| Exercise prompt |
Restate all the data word for word and omit the pictures.

| Captioned web images |
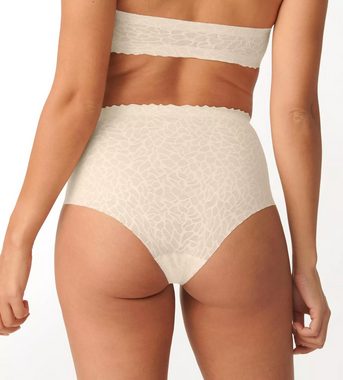 Triumph Taillenslip -  nahtloser Slip - High Waist mit Spitze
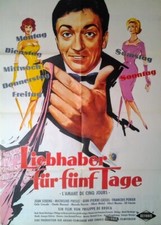 Liebhaber für fünf Tage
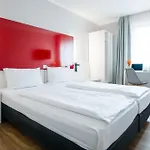 Admiral Frankfurt Centre 3* 美因河畔法兰克福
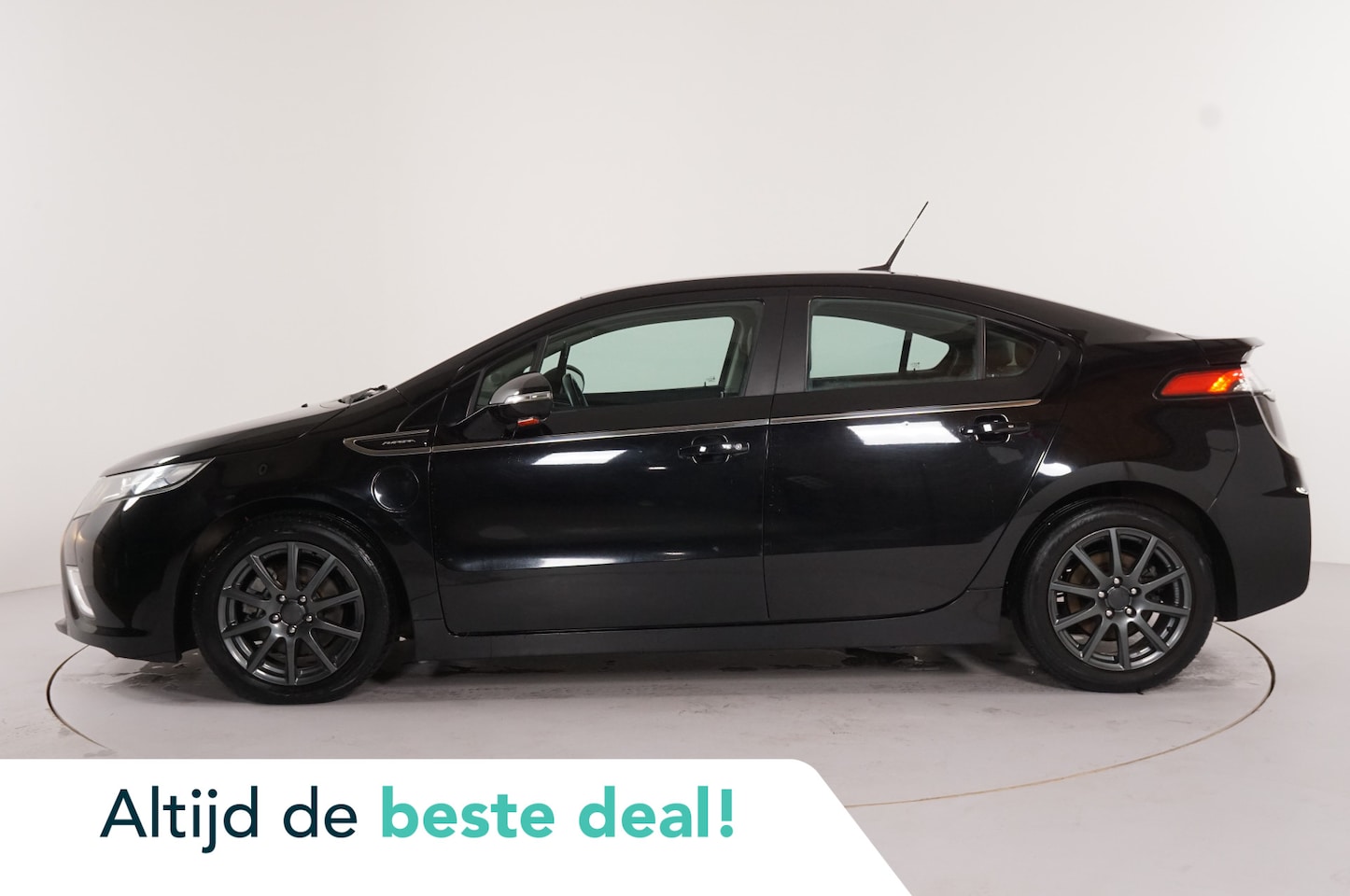 Opel Ampera - 1.4 | Camera | Leder | Pdc | - AutoWereld.nl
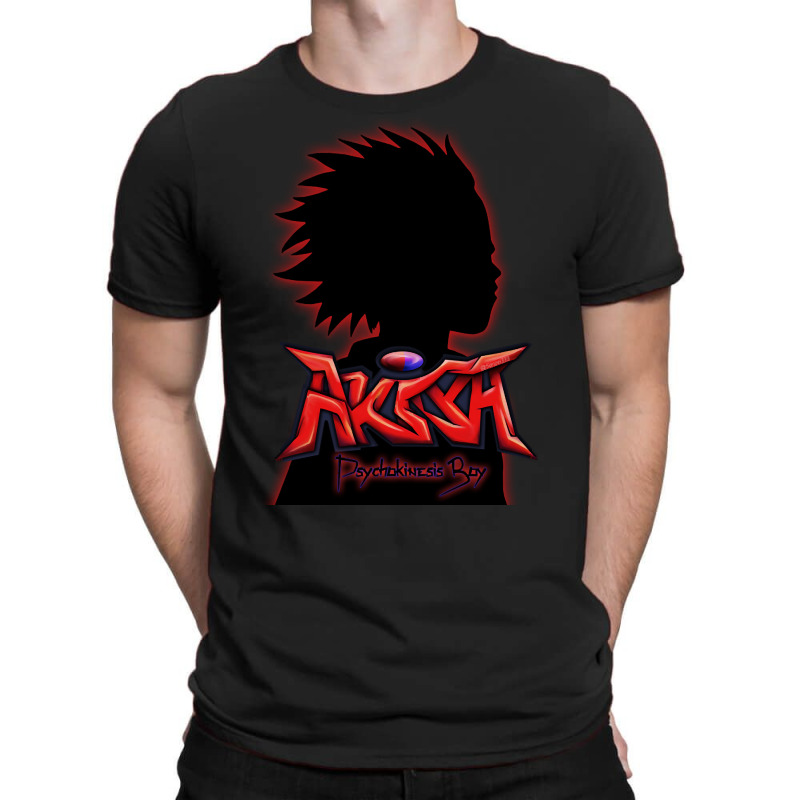 Akira - Psychokinesis Boy (2) T-Shirt by laughingtuy | Artistshot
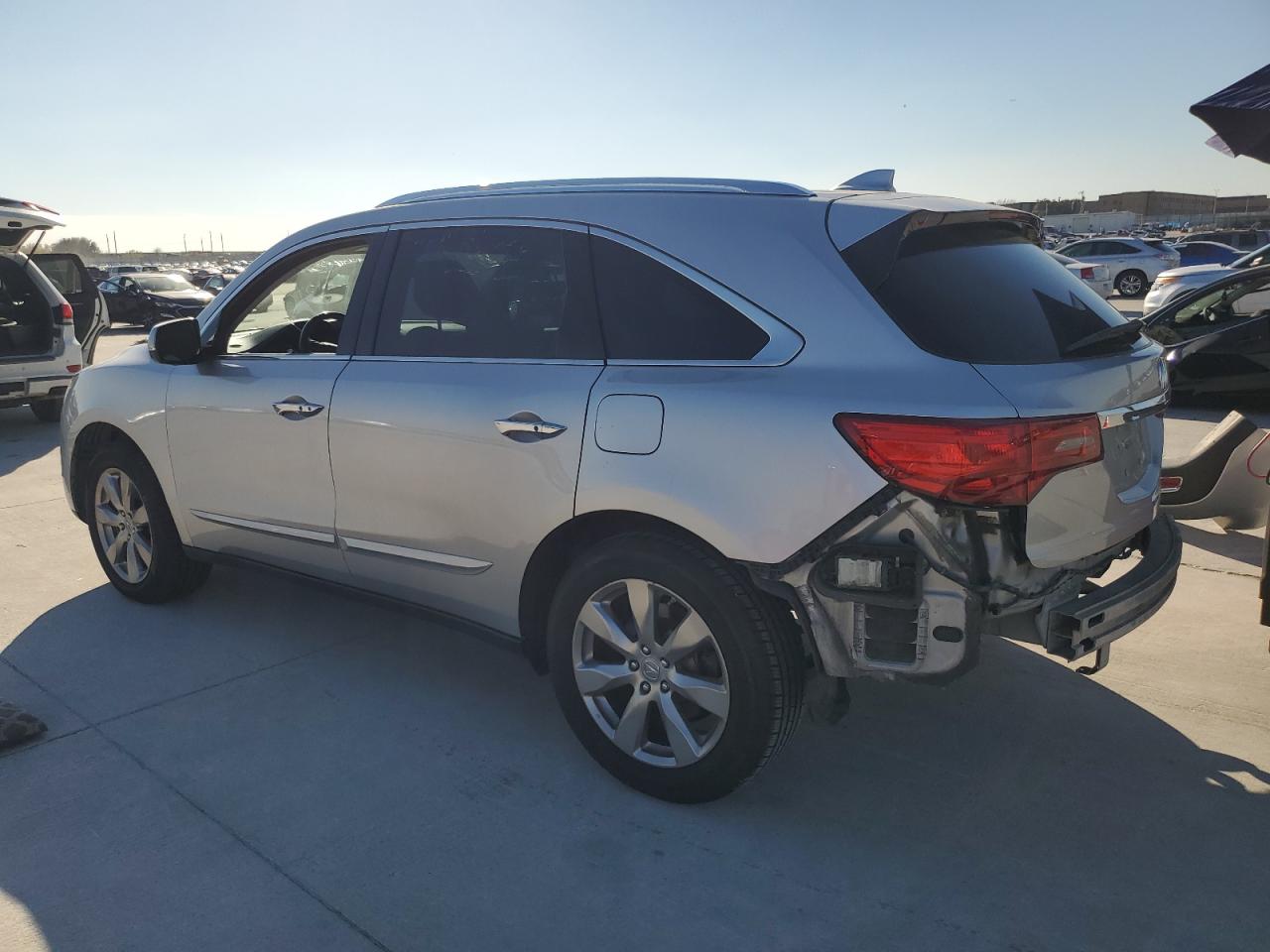 2015 Acura MDX - Image 2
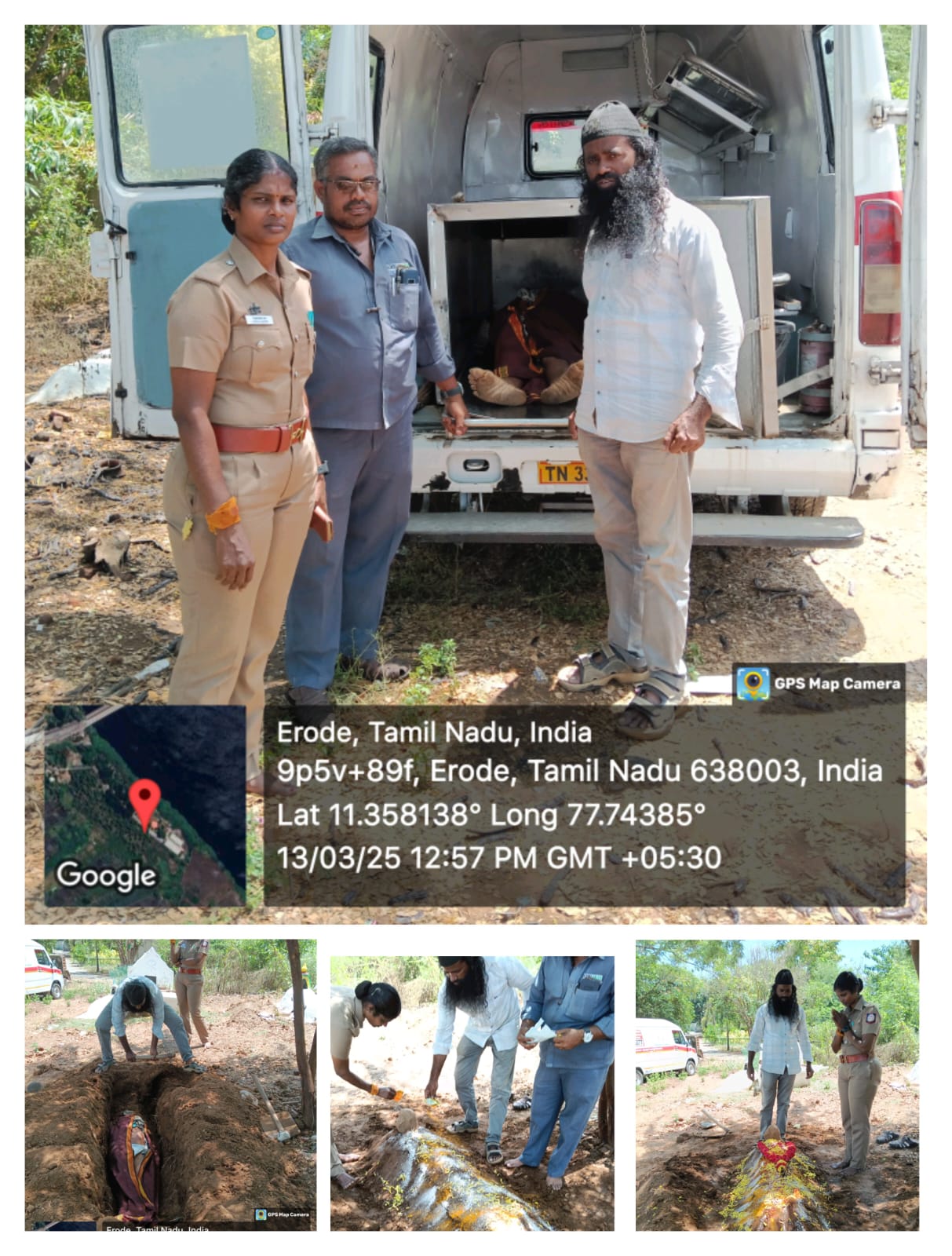 13:03:2025 உடல் அடக்கம்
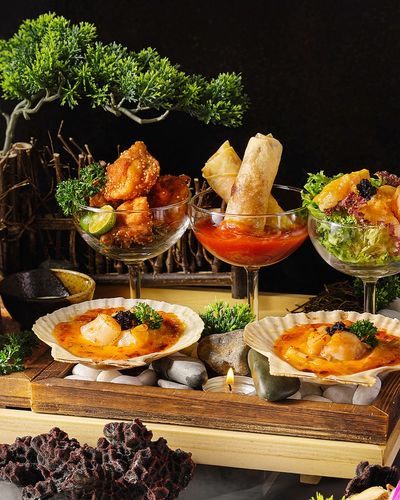 Bật mí những nhà hàng Nhật Bản khiến thực khách "phát cuồng" ở TP.HCM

| Answer section |
 Triumph Taillenslip -  nahtloser Slip - High Waist mit Spitze
 Liebhaber für fünf Tage
 Admiral Frankfurt Centre 3* 美因河畔法兰克福
 Opel Ampera - 1.4 | Camera | Leder | Pdc | - AutoWereld.nl
 Akira - Psychokinesis Boy (2) T-Shirt by laughingtuy | Artistshot
 2015 Acura MDX - Image 2
 13:03:2025 உடல் அடக்கம்
 Bật mí những nhà hàng Nhật Bản khiến thực khách "phát cuồng" ở TP.HCM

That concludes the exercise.